Data excerpts
/---

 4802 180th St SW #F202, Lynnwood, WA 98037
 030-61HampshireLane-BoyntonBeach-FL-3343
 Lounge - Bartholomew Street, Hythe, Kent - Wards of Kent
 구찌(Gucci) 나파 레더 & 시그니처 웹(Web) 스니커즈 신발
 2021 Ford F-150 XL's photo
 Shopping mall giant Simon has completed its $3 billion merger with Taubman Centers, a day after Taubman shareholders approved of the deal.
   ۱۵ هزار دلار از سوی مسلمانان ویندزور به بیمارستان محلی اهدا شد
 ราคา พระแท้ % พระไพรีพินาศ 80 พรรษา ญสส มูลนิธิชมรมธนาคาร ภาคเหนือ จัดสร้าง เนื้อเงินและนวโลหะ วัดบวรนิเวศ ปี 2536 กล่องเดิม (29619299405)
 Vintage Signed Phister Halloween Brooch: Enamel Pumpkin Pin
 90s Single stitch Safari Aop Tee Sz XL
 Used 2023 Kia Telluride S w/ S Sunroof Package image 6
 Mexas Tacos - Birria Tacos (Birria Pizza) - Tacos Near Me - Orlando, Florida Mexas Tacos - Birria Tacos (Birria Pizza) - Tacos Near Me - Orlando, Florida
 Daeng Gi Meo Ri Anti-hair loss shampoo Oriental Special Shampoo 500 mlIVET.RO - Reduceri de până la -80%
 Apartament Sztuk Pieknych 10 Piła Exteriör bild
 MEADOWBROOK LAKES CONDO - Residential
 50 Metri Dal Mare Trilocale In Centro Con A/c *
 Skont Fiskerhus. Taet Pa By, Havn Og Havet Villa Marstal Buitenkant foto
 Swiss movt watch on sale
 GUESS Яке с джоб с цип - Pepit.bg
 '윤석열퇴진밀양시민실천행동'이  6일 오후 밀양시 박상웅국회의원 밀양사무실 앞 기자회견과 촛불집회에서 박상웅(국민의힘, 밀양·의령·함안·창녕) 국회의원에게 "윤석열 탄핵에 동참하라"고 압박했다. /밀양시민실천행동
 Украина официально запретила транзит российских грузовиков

\---

__What to do__. From the opening line of the data above through the line holding "ราคา พระแท้ %", give every line again exactly as it stands.

__Written response__.
 4802 180th St SW #F202, Lynnwood, WA 98037
 030-61HampshireLane-BoyntonBeach-FL-3343
 Lounge - Bartholomew Street, Hythe, Kent - Wards of Kent
 구찌(Gucci) 나파 레더 & 시그니처 웹(Web) 스니커즈 신발
 2021 Ford F-150 XL's photo
 Shopping mall giant Simon has completed its $3 billion merger with Taubman Centers, a day after Taubman shareholders approved of the deal.
   ۱۵ هزار دلار از سوی مسلمانان ویندزور به بیمارستان محلی اهدا شد
 ราคา พระแท้ % พระไพรีพินาศ 80 พรรษา ญสส มูลนิธิชมรมธนาคาร ภาคเหนือ จัดสร้าง เนื้อเงินและนวโลหะ วัดบวรนิเวศ ปี 2536 กล่องเดิม (29619299405)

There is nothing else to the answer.